Problem to solve — The stretch wanted below opens at the line containing "ル シーニュ/プロセルフェイシャル×2回" and closes at the line containing "如何健康减肥 中医针灸减肥的优势有哪些". Please return it exactly, with no other lines.

[Opening Working data section]

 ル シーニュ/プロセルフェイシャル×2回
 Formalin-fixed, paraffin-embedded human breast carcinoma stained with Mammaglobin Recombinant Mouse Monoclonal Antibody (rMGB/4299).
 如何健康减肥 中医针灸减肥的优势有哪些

[Closing Working data section]
[Opening Working data section]

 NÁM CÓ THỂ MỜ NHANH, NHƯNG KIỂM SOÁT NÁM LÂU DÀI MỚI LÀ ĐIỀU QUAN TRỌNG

[Closing Working data section]
[Opening Working data section]

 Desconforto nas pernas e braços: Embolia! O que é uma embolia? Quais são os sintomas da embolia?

[Closing Working data section]

Reply to the exercise —
 ル シーニュ/プロセルフェイシャル×2回
 Formalin-fixed, paraffin-embedded human breast carcinoma stained with Mammaglobin Recombinant Mouse Monoclonal Antibody (rMGB/4299).
 如何健康减肥 中医针灸减肥的优势有哪些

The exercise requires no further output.